* Provided records:

=== Begin Enclosure ===

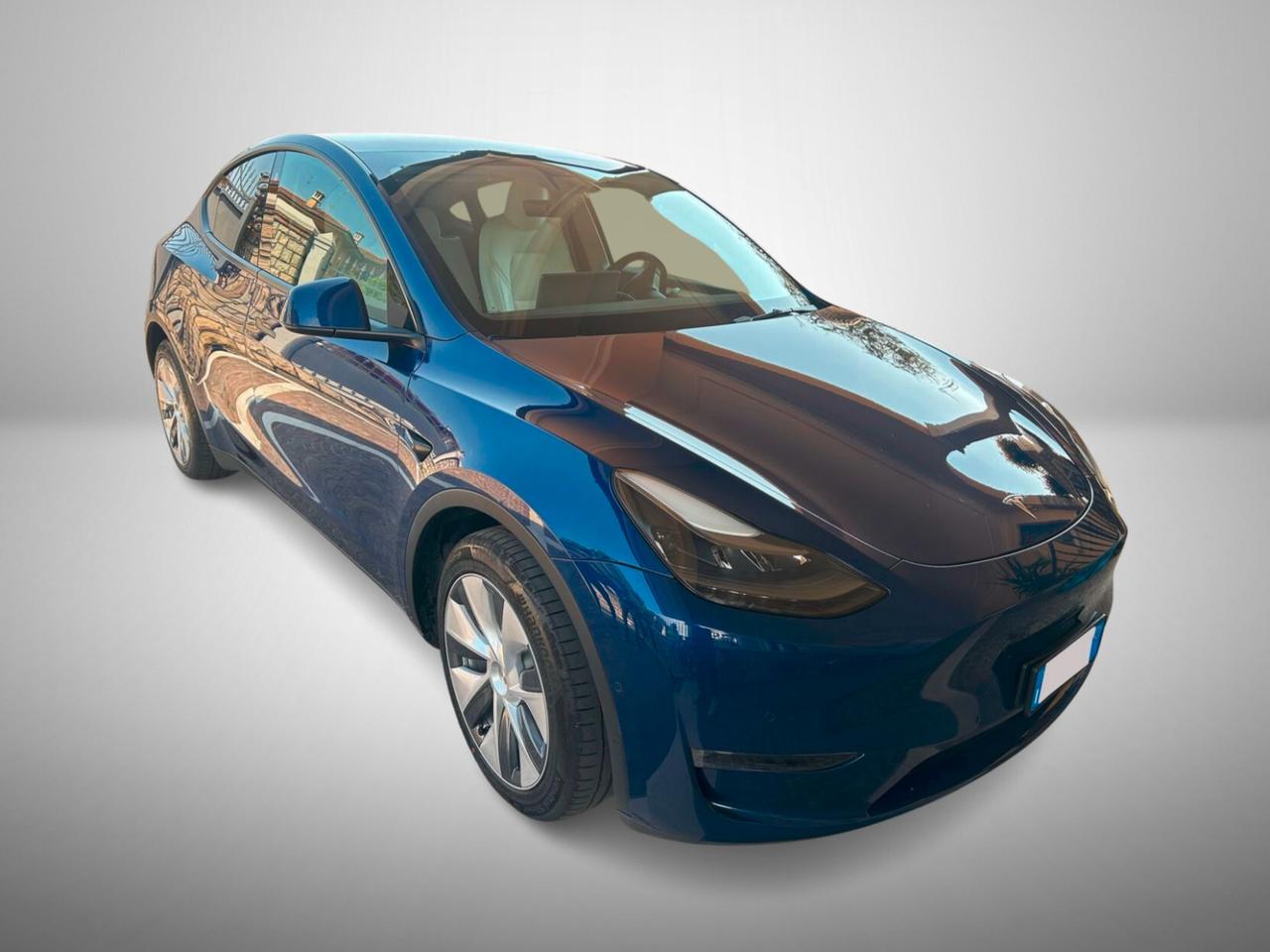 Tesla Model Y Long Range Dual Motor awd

=== End Enclosure ===
=== Begin Enclosure ===

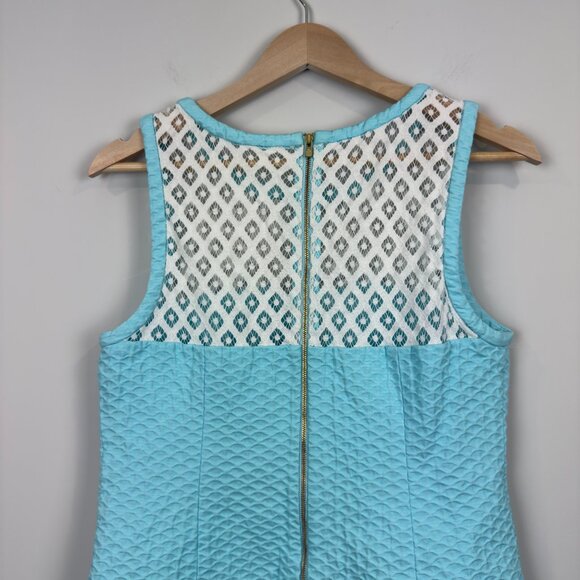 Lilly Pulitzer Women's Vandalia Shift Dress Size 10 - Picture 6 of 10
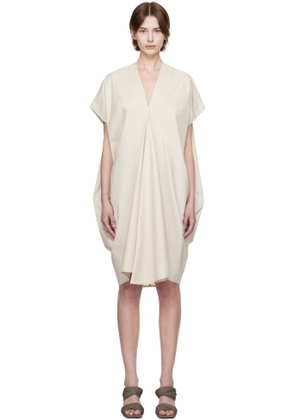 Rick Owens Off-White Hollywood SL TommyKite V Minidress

=== End Enclosure ===

* Directions:
Please print the lines above word for word, starting at the one with "Lilly Pulitzer Women's" and ending at the one with "Rick Owens Off-White", both included, and without any picture.

* Solution:
 Lilly Pulitzer Women's Vandalia Shift Dress Size 10 - Picture 6 of 10
 Rick Owens Off-White Hollywood SL TommyKite V Minidress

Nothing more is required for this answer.